World Relief Minnesota is a ministry of Transform Minnesota, and through it evangelical churches throughout the Twin Cities are working together to “welcome the stranger,” embracing a biblical vision of caring for those who are vulnerable.
Many times people ask us why so many refugees come to Minnesota. Again, Scripture gives us insight that goes deeper than the human causes that are apparent to us.
Certainly refugees come to Minnesota looking for hope and safety, to escape horrific persecution, fear and isolation. But, as Scripture brings to light, the reason they come to our communities is not only about their appalling situations but also about God’s sovereign movement in history.
The apostle Paul declared the following: “From one man he made every nation of men, that they should inhabit the whole earth; and he determined the times set for them and the exact places where they should live. God did this so that men would seek him and perhaps reach out for him and find him, though he is not far from each one of us” (Acts 17:26-27).
This articulates that it is God who is bringing the nations to the U.S. and illuminates the “why” behind this unprecedented movement of people. It’s not just that our new neighbors might experience peace and security and find God, but it’s that they are also God’s agents to bring you and me a new understanding of God, to help revitalize our churches and to bring the gospel into the lives of those unreached or un-churched in our own communities, who need to hear of God’s love and provision through passionate new voices.
Closely aligned to this concept is what Jesus spoke as recorded in Mark’s gospel: “My house will be called a house of prayer for all nations” (Mark 11:17).
This speaks to the identity of the Church, not just as a place to pray about all the nations but as a place for all the nations to gather together and worship God.
This vision is captured in Revelation 7 as people from every tribe, nation and language gathered around the throne of God in worship. While it is a future vision, it is also a future-now vision.

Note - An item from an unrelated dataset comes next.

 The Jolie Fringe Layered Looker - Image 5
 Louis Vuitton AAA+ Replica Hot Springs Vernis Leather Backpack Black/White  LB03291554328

Surely God delights in church communities where refugees and natives gather together to worship—living out God’s purpose to unite all nations under His leadership.
Open your hearts to what God wants to teach you and what God can teach His Church, through those who have traveled a hard road to call themselves our friends, neighbors and joint heirs of God’s blessings.
Bob Oehrig is executive director of World Relief Minnesota and was previously pastor of Outreach and Mission at Grace Church Roseville and executive director of Daystar U.S.